Diagnosis of deep vein thrombosis (DVT) requires both clinical assessment and objective testing. The clinical features are mostly nonspecific. Investigations can either be falsely positive or negative.

Table 20.1 gives management principles of DVT/PE in general.

The initial step in the diagnostic process is to stratify patients into risk assessment categories using a validated clinical model:

Refer Table 20.2 for risk categorization of VTE in pregnancy.

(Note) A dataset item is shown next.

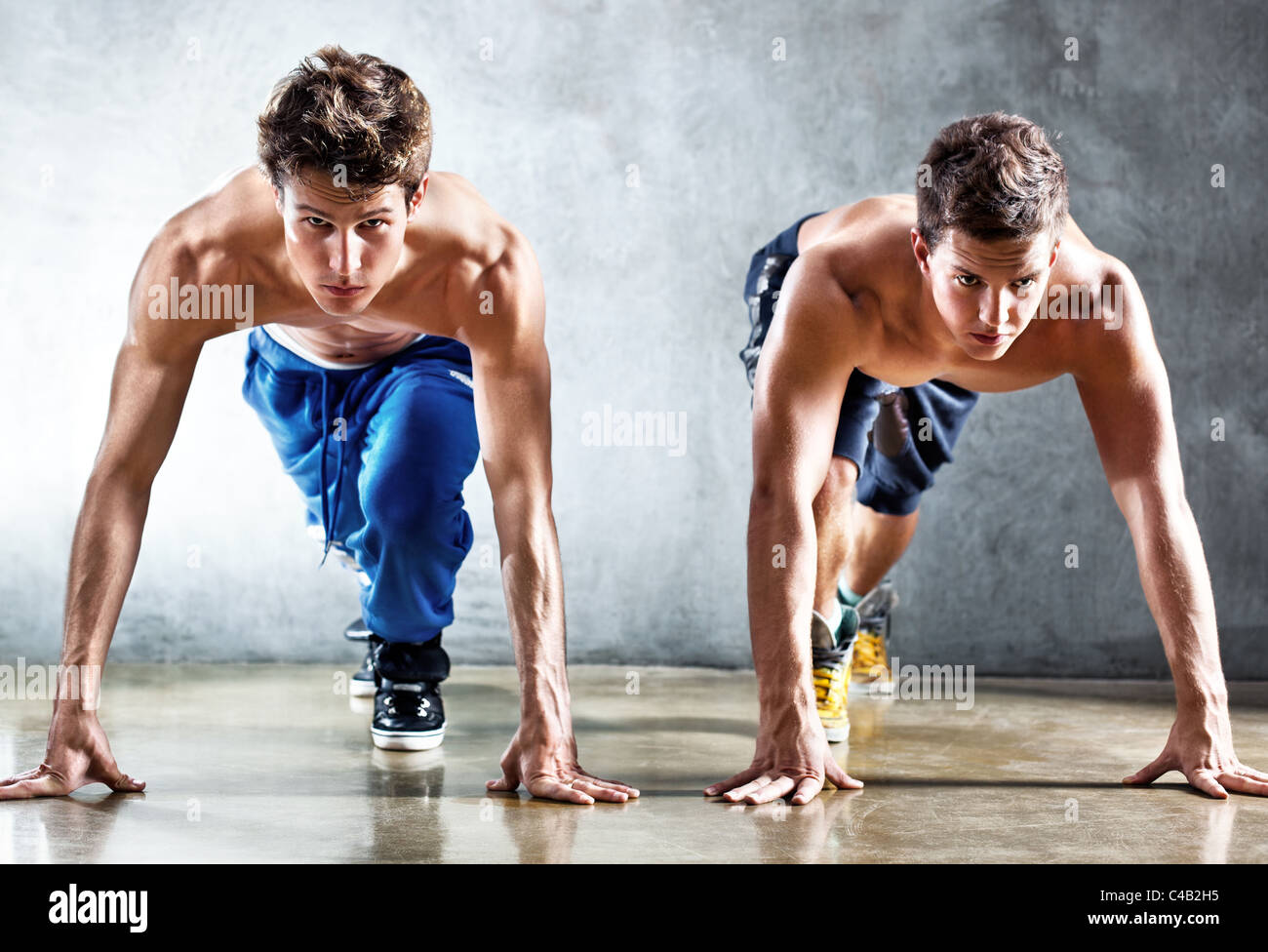 Two runners on start. Focus on face Stock Photo Alamy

Screening for thrombophilias should be done if the results are likely to alter management of DVT. Screening is unnecessary when clinical suspicion of DVT is very high.

Consider clinical surveillance, encourage mobilization, and avoid dehydration.

Graduated compression stockings (GCS), intermittent pneumatic compression (IPC) if hospitalized, and low-molecular-weight heparin (LMWH) prophylaxis. Avoid dehydration at all stages of pregnancy.

Long-haul flights require particular counseling and probably DVT prophylaxis.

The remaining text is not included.